● Supplied records
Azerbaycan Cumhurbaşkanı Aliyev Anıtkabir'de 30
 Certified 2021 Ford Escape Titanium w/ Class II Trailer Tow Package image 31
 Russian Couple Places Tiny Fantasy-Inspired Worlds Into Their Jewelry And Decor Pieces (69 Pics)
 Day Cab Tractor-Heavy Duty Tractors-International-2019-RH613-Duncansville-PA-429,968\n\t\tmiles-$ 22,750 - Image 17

...

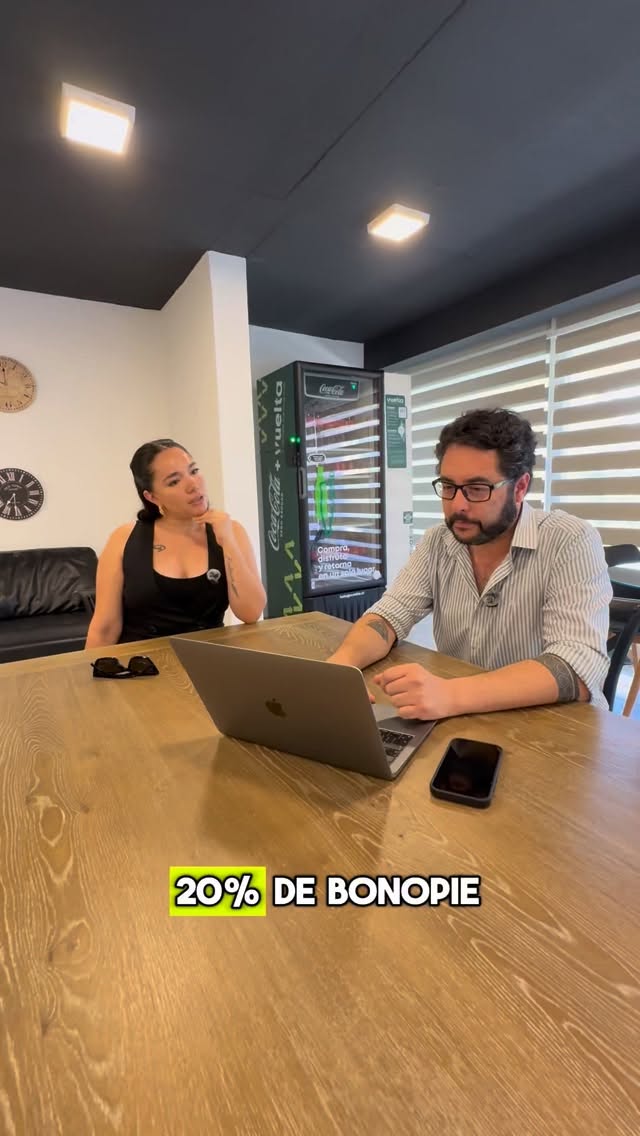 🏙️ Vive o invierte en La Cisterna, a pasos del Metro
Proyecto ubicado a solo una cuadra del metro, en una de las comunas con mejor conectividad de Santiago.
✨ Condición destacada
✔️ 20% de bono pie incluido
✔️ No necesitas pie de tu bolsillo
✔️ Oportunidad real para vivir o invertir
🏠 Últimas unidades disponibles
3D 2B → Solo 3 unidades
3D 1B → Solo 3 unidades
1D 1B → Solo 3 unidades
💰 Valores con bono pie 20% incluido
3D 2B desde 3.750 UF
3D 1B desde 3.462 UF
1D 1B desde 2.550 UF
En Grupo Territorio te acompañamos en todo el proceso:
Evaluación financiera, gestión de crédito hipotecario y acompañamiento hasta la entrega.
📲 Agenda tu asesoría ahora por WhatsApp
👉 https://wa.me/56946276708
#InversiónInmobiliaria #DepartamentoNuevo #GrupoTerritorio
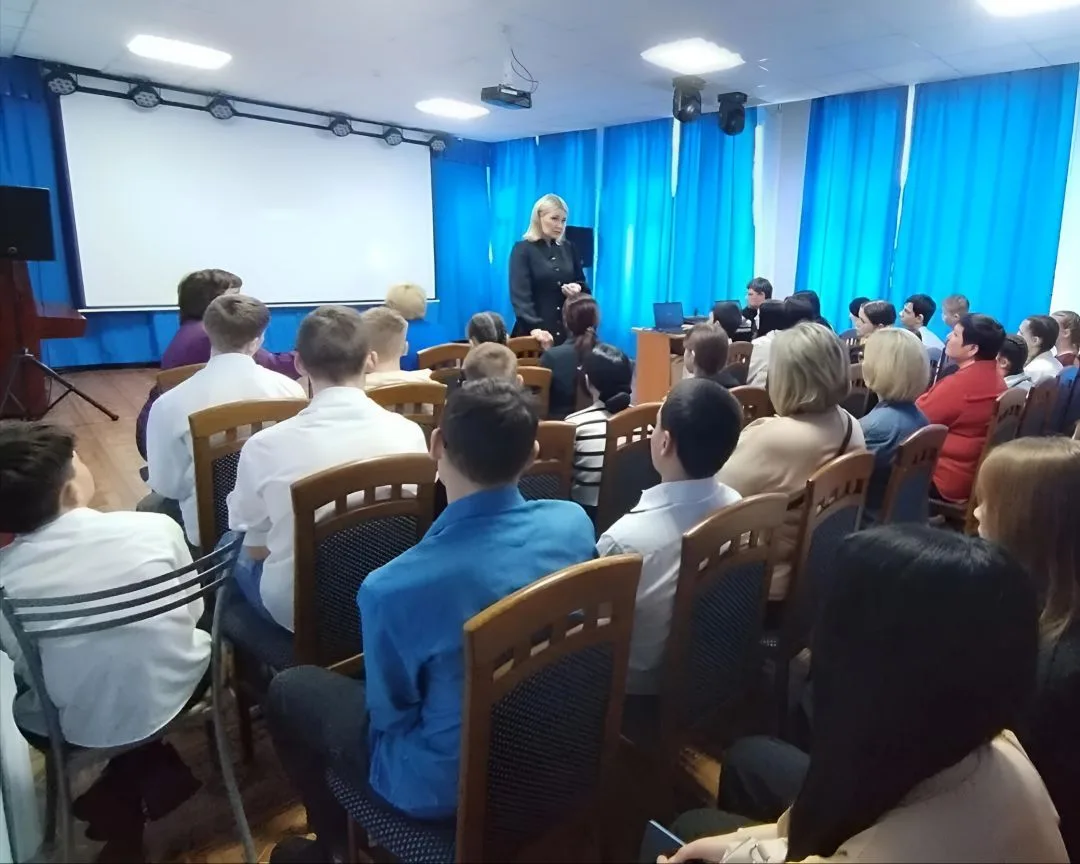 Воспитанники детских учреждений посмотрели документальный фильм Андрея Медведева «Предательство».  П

---

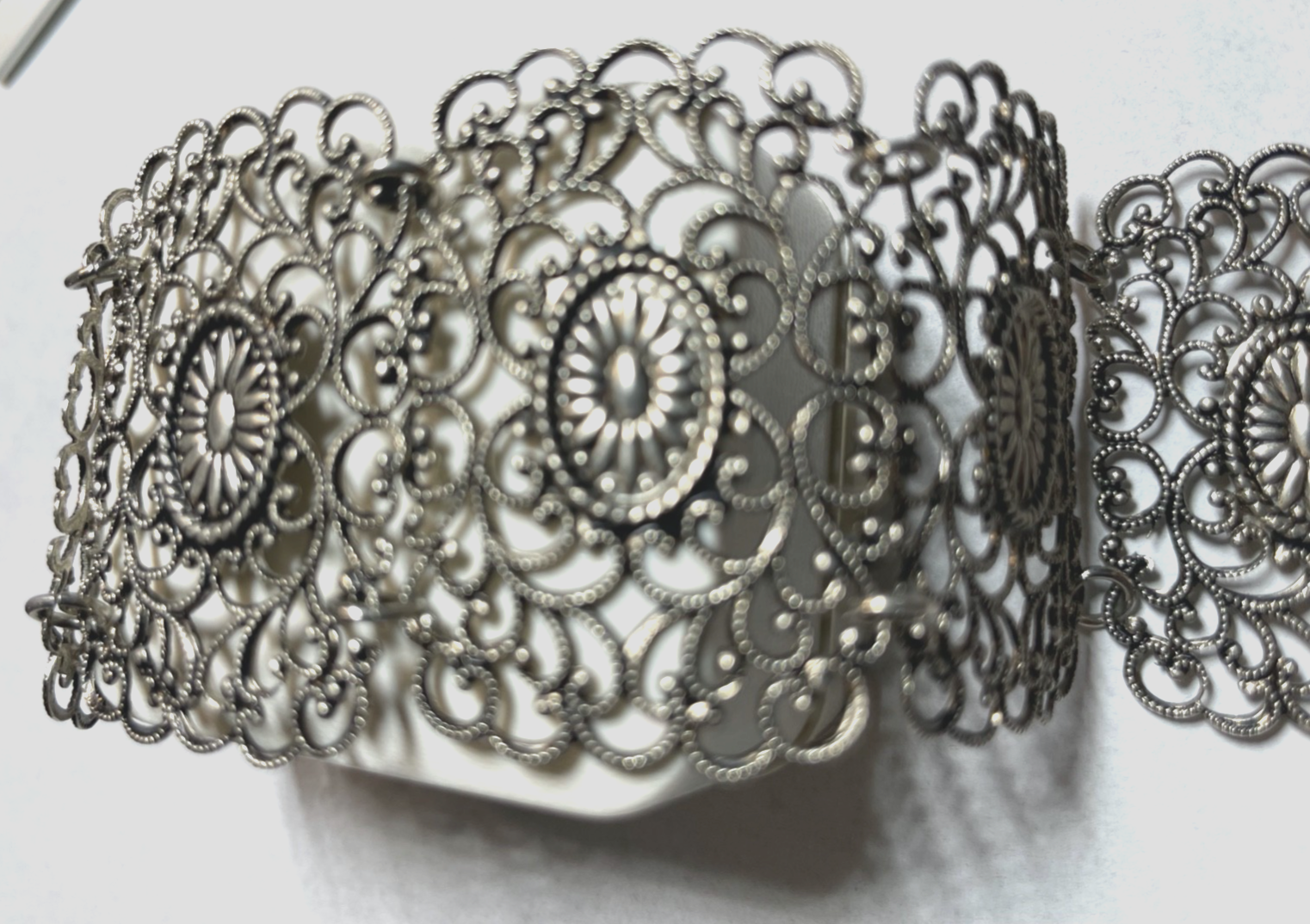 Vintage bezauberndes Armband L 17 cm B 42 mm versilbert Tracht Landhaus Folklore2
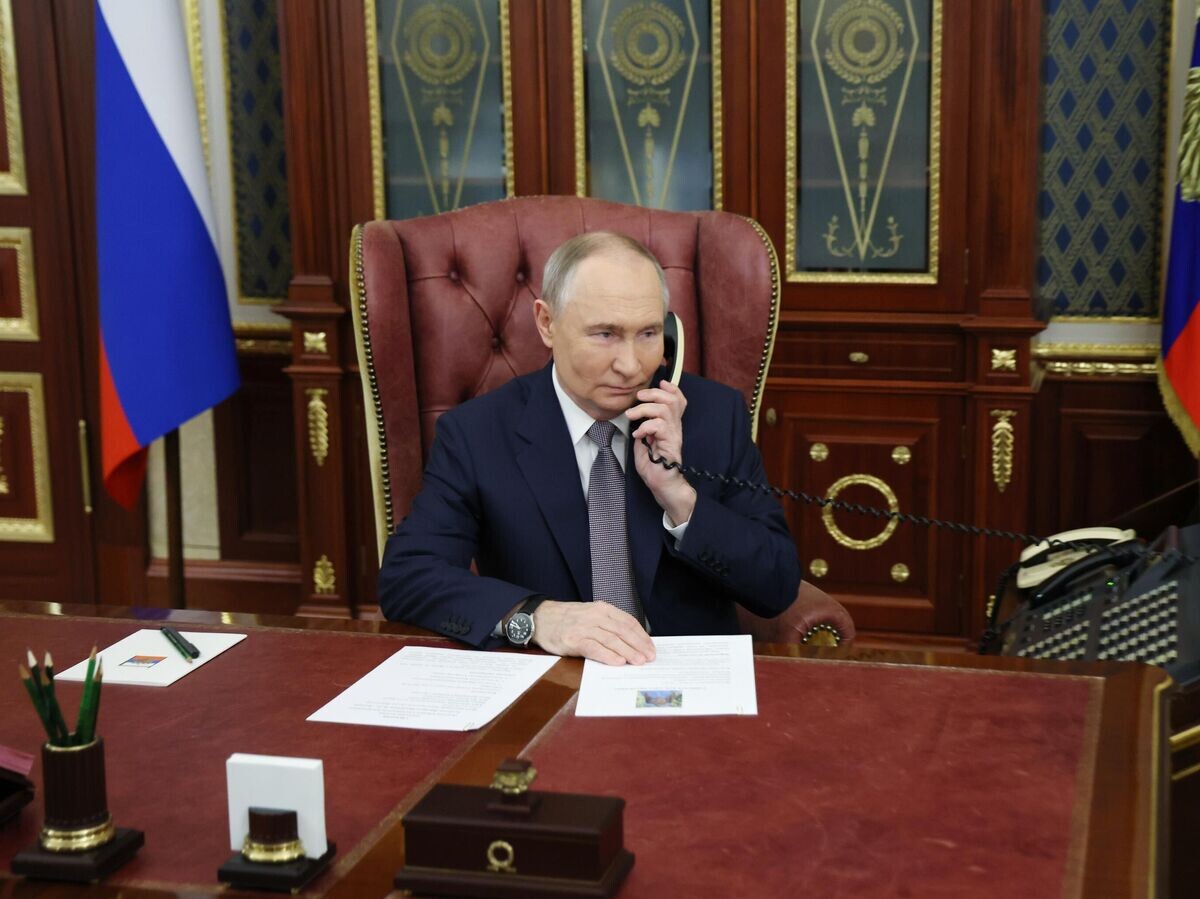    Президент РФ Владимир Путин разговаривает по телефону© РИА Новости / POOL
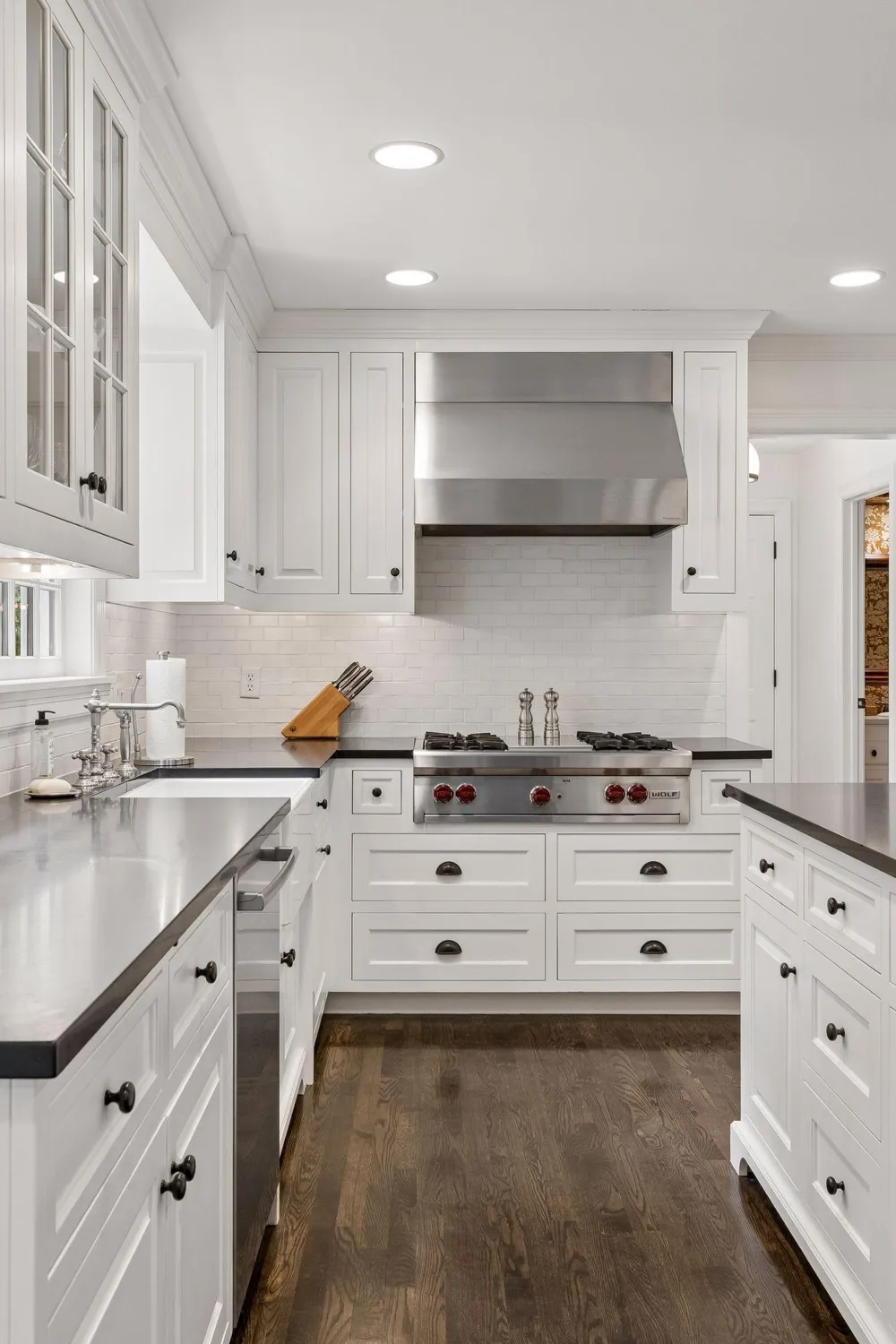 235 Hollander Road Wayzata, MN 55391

● Task objective
Among the entries above, find the line with "Russian Couple Places" and the line with "Day Cab Tractor-Heavy"; give again exactly these two lines and all lines between them.

● Task result
 Russian Couple Places Tiny Fantasy-Inspired Worlds Into Their Jewelry And Decor Pieces (69 Pics)
 Day Cab Tractor-Heavy Duty Tractors-International-2019-RH613-Duncansville-PA-429,968\n\t\tmiles-$ 22,750 - Image 17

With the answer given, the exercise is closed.